Instructions to follow – Copy exactly, and copy nothing else: the line that contains "Men Denim Black Jacket 3D Модель" and all lines after it in the listing, without pictures.

Records shown –
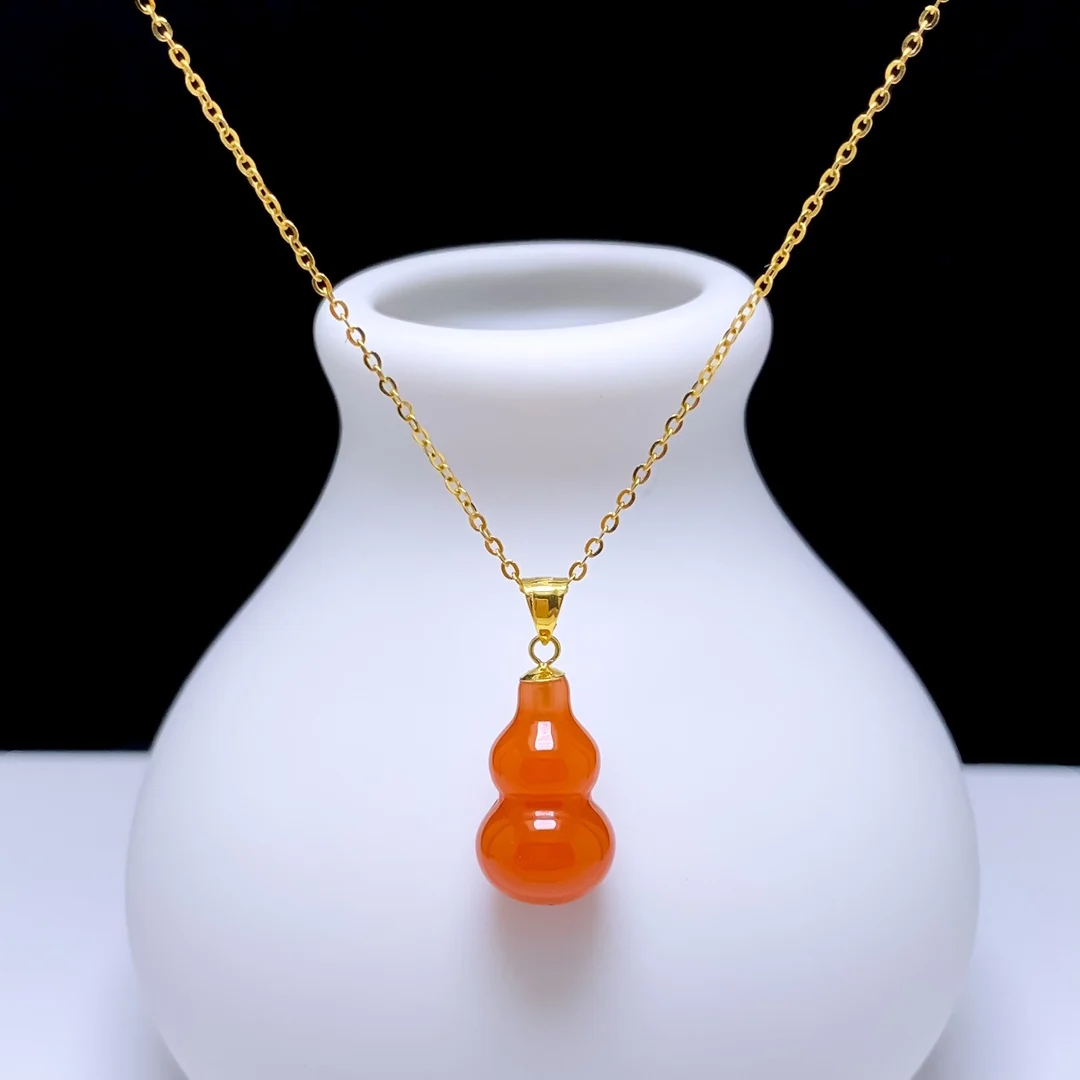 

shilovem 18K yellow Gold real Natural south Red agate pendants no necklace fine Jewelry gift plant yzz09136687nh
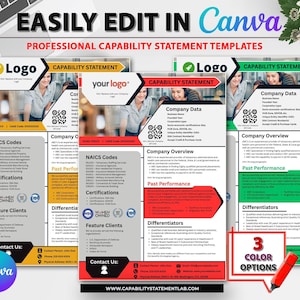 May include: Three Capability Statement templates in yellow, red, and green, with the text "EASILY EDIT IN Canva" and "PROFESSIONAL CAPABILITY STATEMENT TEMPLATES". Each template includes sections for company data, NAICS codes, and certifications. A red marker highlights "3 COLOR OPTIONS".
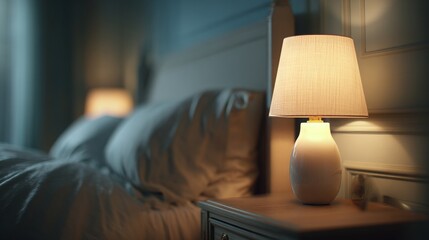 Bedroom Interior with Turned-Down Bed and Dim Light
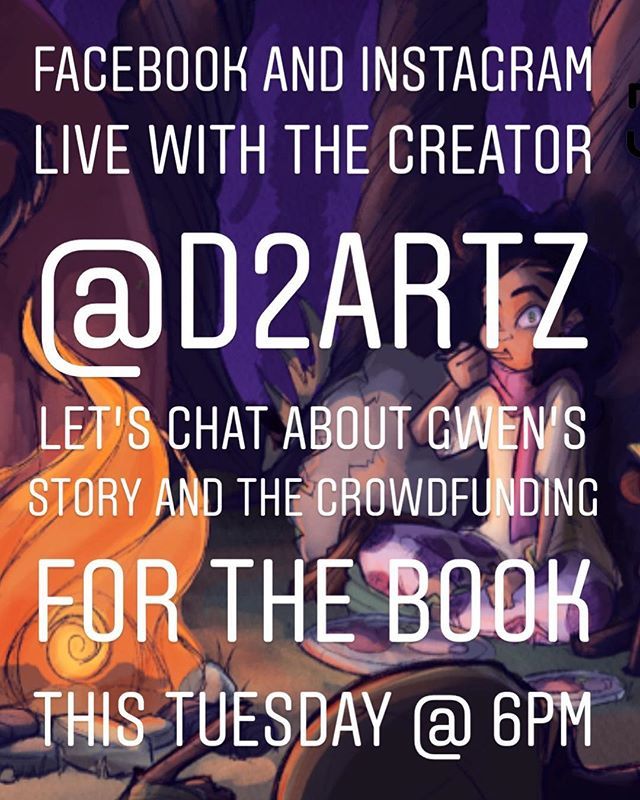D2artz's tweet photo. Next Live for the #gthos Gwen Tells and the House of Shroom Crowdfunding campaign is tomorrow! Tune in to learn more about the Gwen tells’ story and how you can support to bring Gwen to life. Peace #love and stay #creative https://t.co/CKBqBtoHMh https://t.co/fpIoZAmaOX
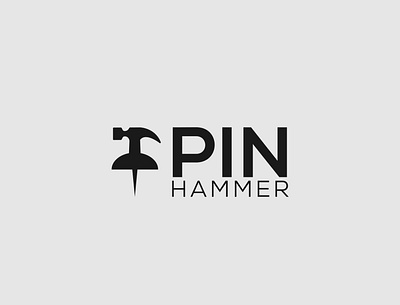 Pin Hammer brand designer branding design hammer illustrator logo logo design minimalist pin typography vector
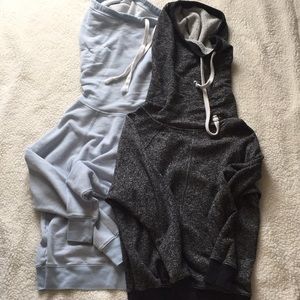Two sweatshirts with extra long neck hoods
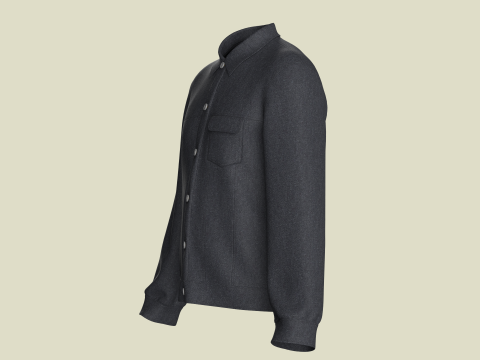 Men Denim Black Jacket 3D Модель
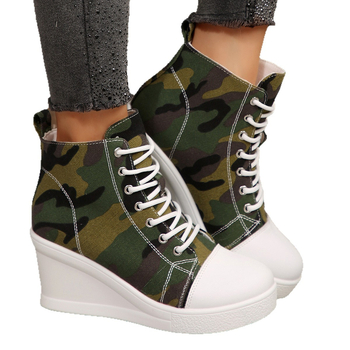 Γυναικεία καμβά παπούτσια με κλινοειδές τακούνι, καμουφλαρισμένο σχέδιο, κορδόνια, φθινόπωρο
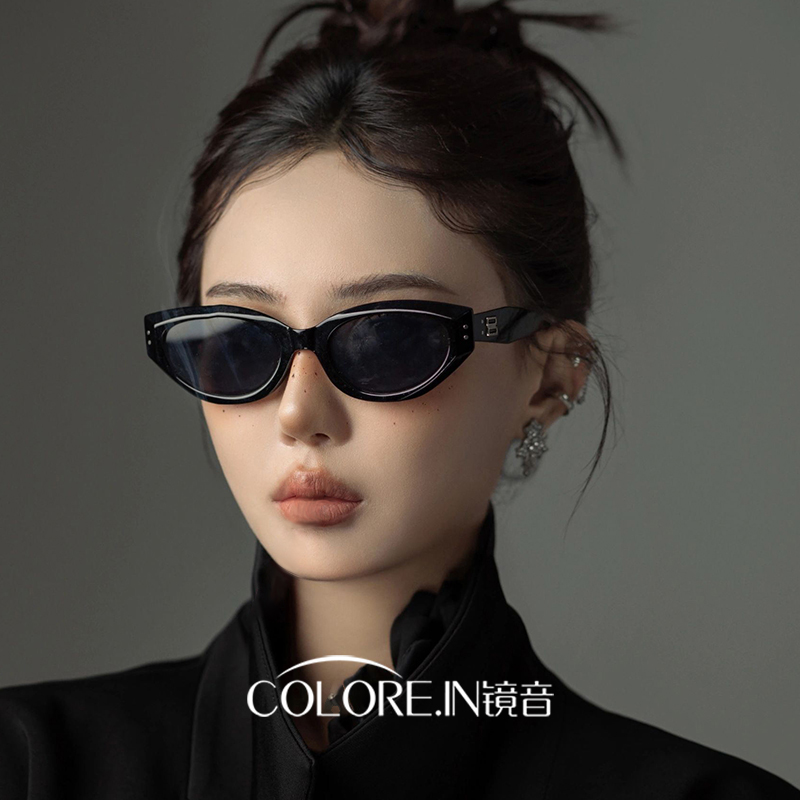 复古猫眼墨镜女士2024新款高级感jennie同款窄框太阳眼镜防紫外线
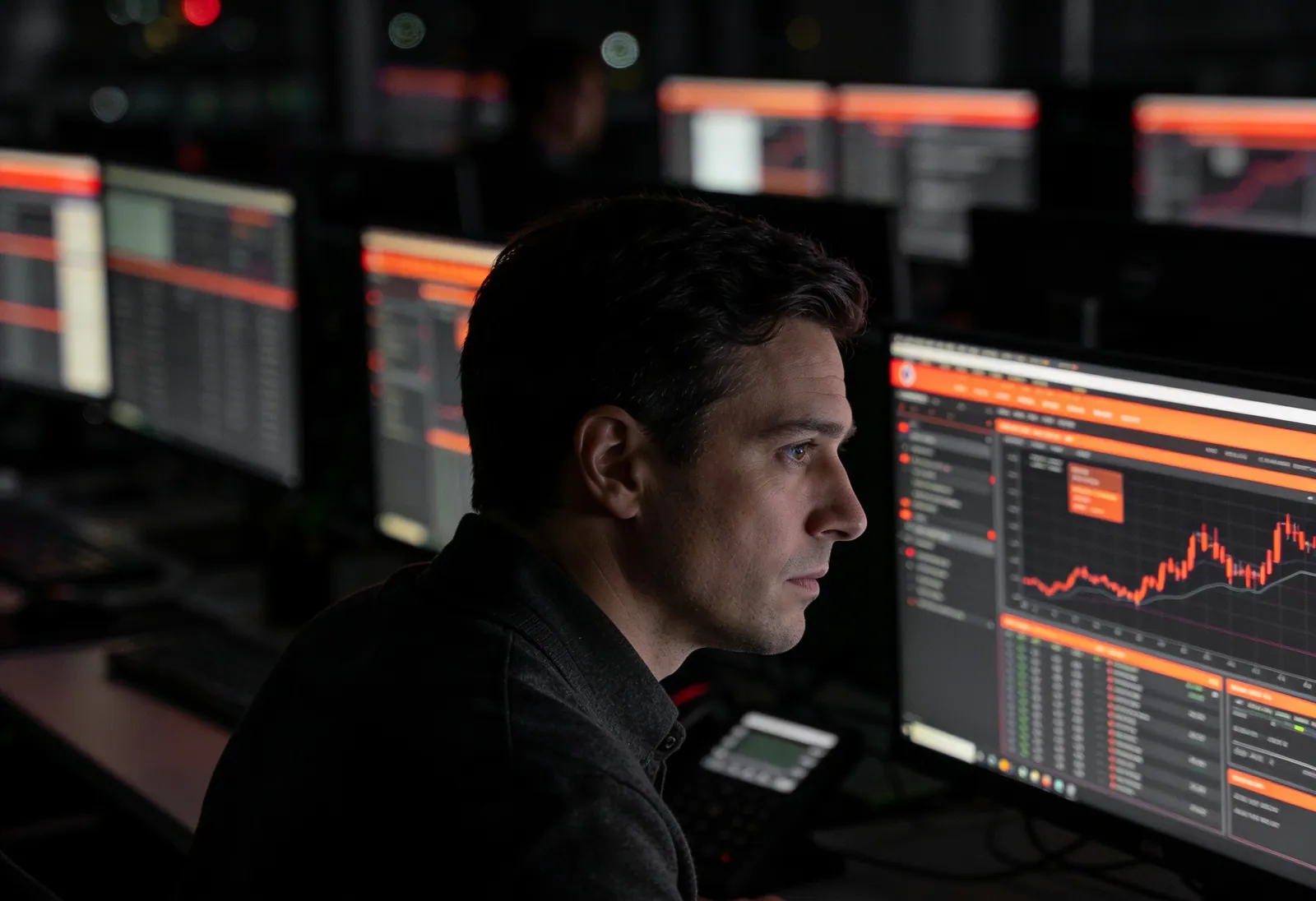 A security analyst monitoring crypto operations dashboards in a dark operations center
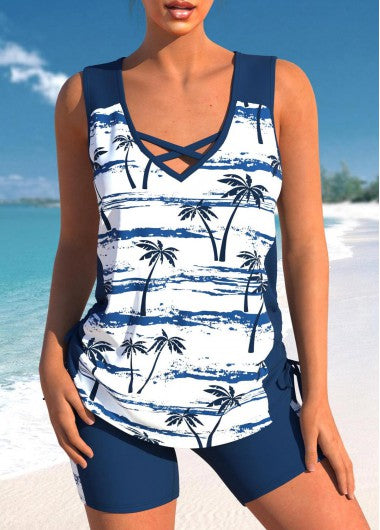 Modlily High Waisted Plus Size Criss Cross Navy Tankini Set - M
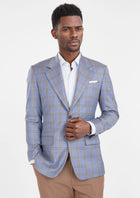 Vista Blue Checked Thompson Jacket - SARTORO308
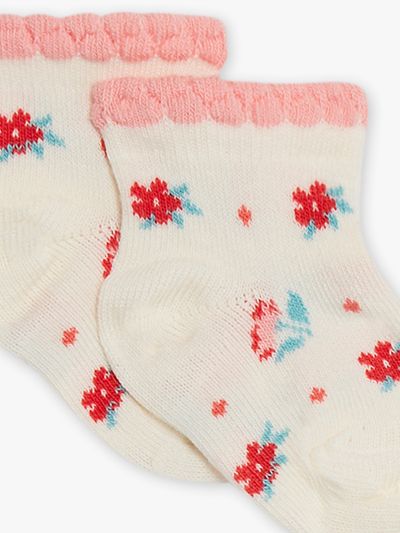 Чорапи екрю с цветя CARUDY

Response to the exercise –
 Men Denim Black Jacket 3D Модель
 Γυναικεία καμβά παπούτσια με κλινοειδές τακούνι, καμουφλαρισμένο σχέδιο, κορδόνια, φθινόπωρο
 复古猫眼墨镜女士2024新款高级感jennie同款窄框太阳眼镜防紫外线
 A security analyst monitoring crypto operations dashboards in a dark operations center
 Modlily High Waisted Plus Size Criss Cross Navy Tankini Set - M
 Vista Blue Checked Thompson Jacket - SARTORO308
 Чорапи екрю с цветя CARUDY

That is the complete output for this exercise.